Building a Frazer Nash kit car from the ground up is not a project for the faint
of heart! When you open the big cardboard boxes that the parts come in,
you realize that a fiberglass body and fenders hardly make up the completed
car. Next you must locate a good VW Beatle chassis, remove its body, and
narrow gauge the belly pan and also extend the front end 16 inches with an
extension kit. Here you learn the mechanics of welding, cursing, and
applying bandages to cut and bruised fingers.
This
is what the completed rolling chassis looks like with the belly pan now
narrowed, new angle iron side rails installed, and all the undercoating
completed. Only the tranny is now mounted, Now the fun begins
finding all the missing parts. Have you ever thought what a shopping list
looks like for building a car? well, you need wires, a fuse box, complete
interior upholstery, antique dash gauges and horns, exhaust system, gas tank,
hoses, all the lights, bumpers, steering assembly, windshield, convertible
top, plus several hundred miscellaneous parts that you realize you need in the
middle of bolting the thing together.
The
basic body is now bolted onto the running gear and lined up. Now the fun
part begins where every part you add starts to make the project look more like a
completed car. At this stage, your expenses for beer start to equal the
car investment as all your friends come over to sit back on lawn chairs to drink
your been and watch you build your car. These arm chair mechanics also
seem to be able to offer advice to the extent that you are lead to believe that
they have built several dozen of these cars themselves even though it took them
an entire week end to assemble the last barbeque they bought.

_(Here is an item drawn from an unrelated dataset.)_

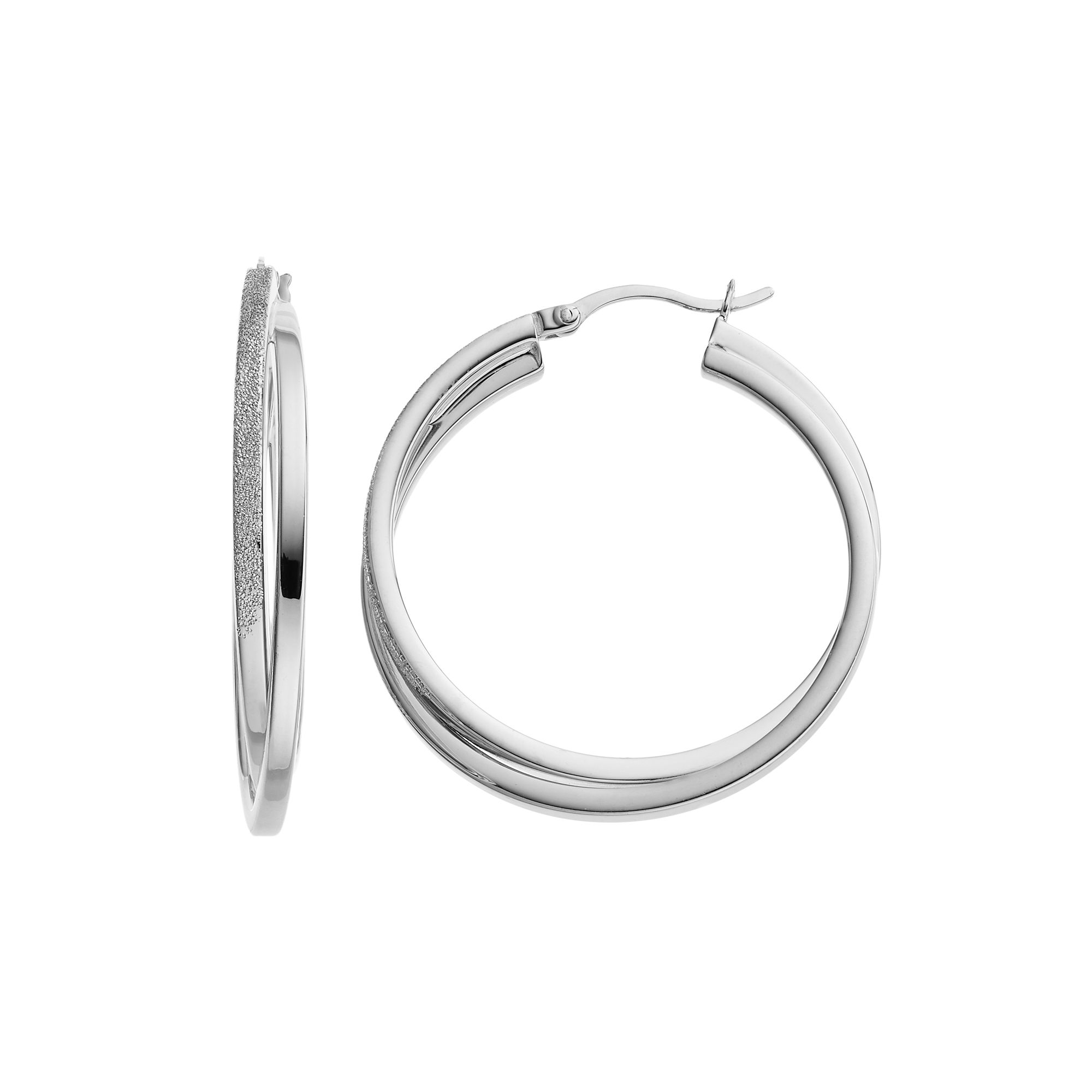 Sterling Silver Hoop Earrings, Womens, White Over Silver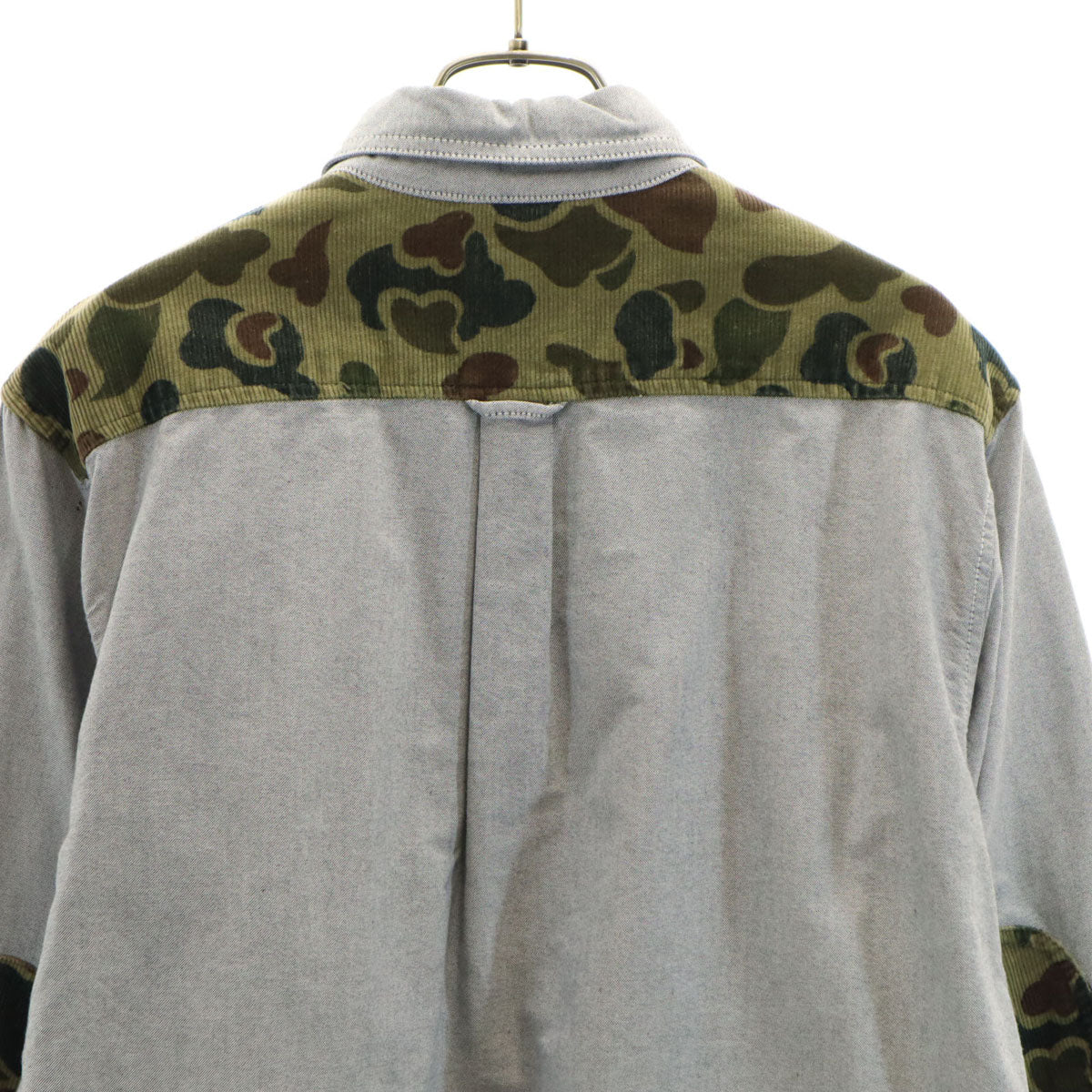 XLARGE エクストララージ カモフラ切替 長袖 オックスフォード ボタンダウンシャツ M グレー メンズ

Success at last! After three years of searching for and making parts and
bolting it all together, the car is now ready to drive. At this point, my
wife was not on board with the idea that after all this work, the car would look
nice in the living room for winter storage since I had determined that it would
just fit through the patio door. After this workout of building a car from
scratch and sourcing all the parts, I reckoned that restoring a Dart Swinger
should be a piece of cake.
For
the first major road trip with the Frazer Nash, my wife Deb and I loaded up two
month old #1 son Justin and we motored out to visit grandpa, auntie (far left),
and grandma (middle), and the misses holding Justin.